The state does not now claim that the testimony was admissible. It argues only that the testimony was not “highly prejudicial,” that the curative instruction was sufficient to remedy the error, and that the denial of the motion for mistrial was a matter for the trial judge’s discretion.

It is correct that trial courts have wide discretion in determining whether cautionary instructions are sufficient to cure prejudice and whether to allow motions for mistrial. Se State v. Kendrick, 31 Or. App. 1195, 1201-02, 572 P.2d 354 (1977) rev den (1978); State v. Atkinson, 28 Or. App. 909, 917, 562 P.2d 978 (1977). Here, the trial court exercised its discretion improperly. The nature of the testimony was such that the cautionary instruction would likely have had only a negligible effect at best. The evidence was highly prejudicial. The thrust of the testimony was that defendant was generally intrigued with the subject of killing. The evidence was also susceptible to the interpretation that the “someone” defendant was curious about Hoffman killing was defendant’s wife. (Much of Hoffman’s other testimony was about ongoing discord and violence in the relationship of defendant and his wife.) Given its lack of any probative weight, there is nothing to be weighed against the potential prejudicial impact of the evidence. The motion for a mistrial should have been granted.

Defendant makes one further assignment of error that requires our determination. He contends that the trial court erred in denying his motion for a change of

Page 758

venue. We disagree. See State v. Wampler, 30 Or. App. 931, 933-34, 569 P.2d 46 (1977), rev den (1978).

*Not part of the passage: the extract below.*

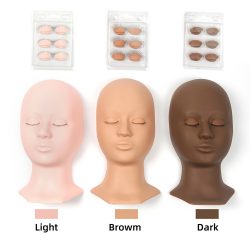 Makeup Mannequin Head Makeup Lash Training 4 Pairs Eyelids Set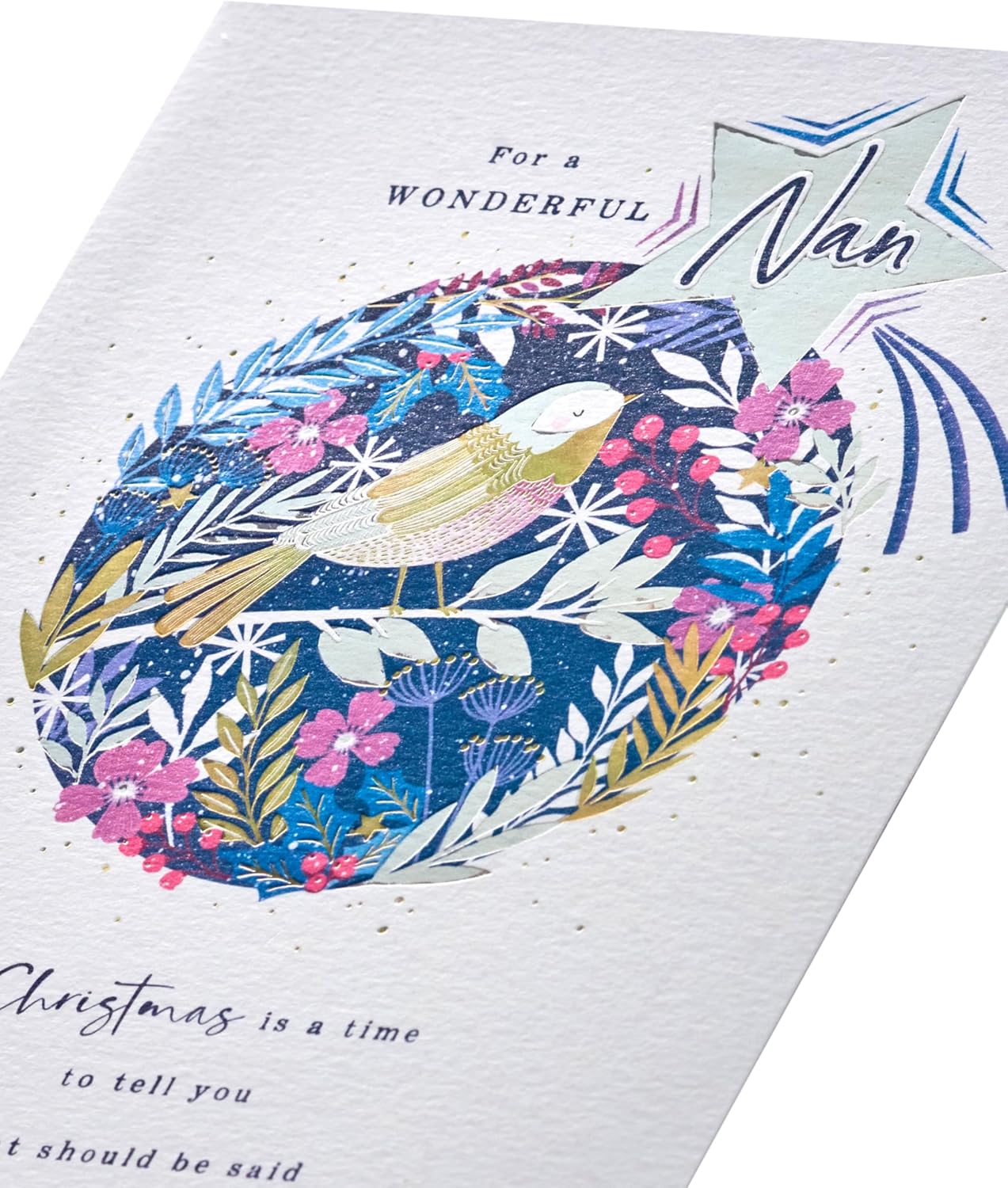 UK Greetings Christmas card for Nan featuring a heartfelt robin design, perfect for festive holiday greetings.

Reversed and remanded for a new trial.

[1] We do not imply that, had Shaw answered affirmatively, Hoffman’s testimony would have been any less prejudicial or more admissible. We are perplexed by the prosecutor’s theory that, had Shaw testified that the defendant attempted to hire him to kill the victim, Hoffman’s testimony about conversations with the defendant on the general subject of killing would have thereby become admissible.